If you type just "hillary clinton", Benghazi is in the autocomplete, so this seems like cherry picking to serve a narrative to me.
Very cherry picked data. +crime seems to be supressed by Google, won't autocomplete for other First Name Last Name +crime searches.
Sensational and speculative
im not getting that. 'hillary clinton ' on Google:
on yahoo:twitter facebook email age
http://imgur.com/oxaQLOXemail scandal indictment for president criminal chargesIt changes based on who knows how many factors. Benghazi was showing for me when I typed the message, now it's not.
Google's autocomplete is likely based on recent searches, so it can suggest things based on very recent events. It will vary wildly.
ok that's fine. but if Google is so current with latest searches it's still pretty weird that "crim.." shows nothing but positive results. surely other terms are more popular now than "crime bill 1994".
Right now, as I type this, typing "hillary clinton crim" brings up "hillary clinton criminal video" in the autocomplete.
You have NO idea how their autocomplete works, so jumping to conclusions about Google filtering for positivity, specifically for a candidate, is entirely stupid.
This is really concerning, and disappointing if true.
I'd be less concerned if they were also cleaning up autocomplete for the other candidates, but it appears they are not.
"Brock Turner Cri" also autofills "cricket" and not anything criminal related. This is likely due to the hoopla around people googling for criminal records and google penalized a bunch of companies for it a while ago.
I did this autocomplete exercise with several candidates about 6 months ago, and Hillary-related search autocomplete terms were (by far) the most damning and amusing.
If this is true (and based on my exercise, it is), I'll be deactivating my accounts and adding 127.0.0.1 google.com www.google.com accounts.google.com to my /etc/hosts file.
Their examples of supposed manipulation mostly work the same if you replace "hillary clinton" with "jeffrey dahmer". In particular, "jeffrey dahmer ind" suggests "jeffrey dahmer indiana" and "jeffrey dahmer indonesia".
If your headline can be answered with "no" then you probably shouldn't post it.
episodes like this are the most evident reasons why we need a distributed internet search engine in our future
The answer is yes.
Who knows, maybe they got cleared because someone was trolling the suggestion engine, just because there is heavy logical correlation that suggest higher rated search terms should be suggested, that doesn't mean there are not other factors that outweigh it. We don't really know how it works.
I am not being defensive of them, in fact it wouldn't surprise me if it was true, just that they got caught. It is actually pretty fascinating and scary how entangled the Google universe and the Government are, and right or wrong, they are seem to be more invested in their vision of the future more than financial* gains.
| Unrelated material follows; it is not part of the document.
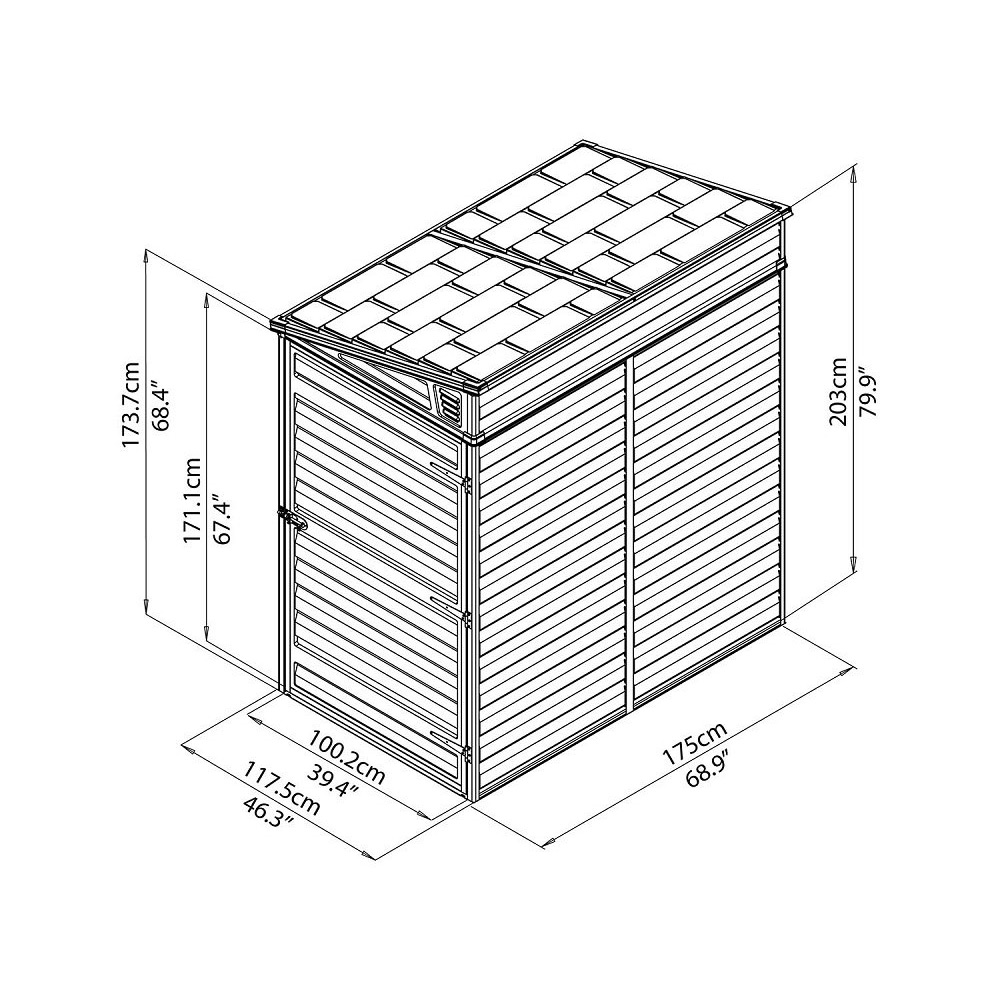 Förråd Canopia by Palram Pent 1,8 m² Skjul & Vedbod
* but money is always a little bit a part of it
When I was following the primaries, I preferred Bing's tool to Google's here(just search "primaries" from a US location in either tool). The Google one seemed overly simplistic, especially earlier when there were more potential delegates.
I still tend to search with Google, but Bing at least seems to give a more 'unfiltered' view of your query. Google seems to have a lot more heuristics tweaking things in the background, so I use them for my first search and switch to Bing if I need to see everything for some oddly specific query.
I also don't see electoral fraud and exit poll discrepancies talked about as much anymore:
https://medium.com/@spencergundert/hillary-clinton-and-elect...
An interesting read from April which continues to be relevant and attributable to last Tuesday's primaries as well.
I'm glad this guy knows so much about how search engines work. He should start one, it sounds easy! He just has to map each query to the single, unchanging answer that's the same for everybody!
This is was I get in Berlin, Germany in Incognito mode:
This could also be neighborhood or search history or social network related, no?